Divonis Bebas, Terdakwa Penganiayaan Langsung Sujud Syukur


SURABAYA – Sidang dengan agenda pembacaan vonis (putusan) perkara penganiayaan dengan terdakwa Christian Noviyanto terhadap korbannya Oscarius, kembali digelar di Pengadilan Negeri Surabaya, Kamis (26/09).

Dalam amar putusannya, Majelis Hakim yang diketuai Maxi Sigarlaki memberikan vonis bebas kepada terdakwa Christian Noviyanto, majelis hakim juga menilai tidak ada persesuaian antara keterangan saksi dengan saksi lainnya serta alat bukti yang di hadirkan selama persidangan.

“Menyatakan terdakwa Christian Noviyanto tidak terbukti secara sah dan meyakinkan bersalah telah melakukan tindak pidana penganiayaan, membebaskan terdakwa dari dakwaan JPU, memulihkan nama baik terdakwa dalam kehidupan terkait harkat dan martabatnya,” ucap Hakim Maxi Sigarlaki.

Adapun pertimbangan majelis hakim dalam perkara ini disebutkan bahwa majelis hakim tidak menemukan unsur yuridis bahwa terdakwa telah melakukan tindak pidana penganiayaan sebagaimana pasal 351 ayat (1) KUHP, dalam surat dakwaan Jaksa Penuntut Umum (JPU) Suparlan H, dari Kejaksaan Negeri Surabaya.

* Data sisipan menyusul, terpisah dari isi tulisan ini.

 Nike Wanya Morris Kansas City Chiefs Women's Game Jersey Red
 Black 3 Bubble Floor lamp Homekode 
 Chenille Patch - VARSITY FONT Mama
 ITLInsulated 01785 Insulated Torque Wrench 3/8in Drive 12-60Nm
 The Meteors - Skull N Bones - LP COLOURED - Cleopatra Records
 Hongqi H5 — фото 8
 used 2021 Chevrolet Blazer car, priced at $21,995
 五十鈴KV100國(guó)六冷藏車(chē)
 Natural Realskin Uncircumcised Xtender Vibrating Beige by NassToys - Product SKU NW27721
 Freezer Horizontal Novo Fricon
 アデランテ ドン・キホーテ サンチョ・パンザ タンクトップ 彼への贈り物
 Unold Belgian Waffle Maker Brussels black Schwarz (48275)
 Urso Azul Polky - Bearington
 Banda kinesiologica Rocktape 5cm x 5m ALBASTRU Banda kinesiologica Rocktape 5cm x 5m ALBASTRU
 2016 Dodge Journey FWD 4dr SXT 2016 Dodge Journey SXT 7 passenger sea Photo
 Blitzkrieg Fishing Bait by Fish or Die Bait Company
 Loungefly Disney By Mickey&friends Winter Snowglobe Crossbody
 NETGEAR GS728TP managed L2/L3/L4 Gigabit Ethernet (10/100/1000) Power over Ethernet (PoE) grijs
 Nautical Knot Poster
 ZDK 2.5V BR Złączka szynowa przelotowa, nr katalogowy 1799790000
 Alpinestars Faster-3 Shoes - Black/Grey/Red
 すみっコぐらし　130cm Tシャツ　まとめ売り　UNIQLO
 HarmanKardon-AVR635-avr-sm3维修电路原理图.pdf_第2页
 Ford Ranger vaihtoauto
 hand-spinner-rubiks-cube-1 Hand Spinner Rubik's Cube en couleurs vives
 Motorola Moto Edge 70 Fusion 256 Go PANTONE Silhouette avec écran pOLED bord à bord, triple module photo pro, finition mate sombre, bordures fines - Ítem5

BACA JUGA : Gubernur Letakkan Batu Pertama Pembangunan Gresik Ammonia Receiving / Storage Terminal

Usai diputus bebas, terdakwa Christian langsung melakukan sujud syukur di depan majelis hakim. Atas putusan ini, JPU Suparlan H. bakal mengajukan kasasi.

“Kasasi pak hakim,” kata JPU Parlan.

Ditemui usai persidangan, Wellem Mintarja, kuasa hukum terdakwa menyampaikan rasa syukurnya setelah kliennya diputus bebas oleh majelis hakim.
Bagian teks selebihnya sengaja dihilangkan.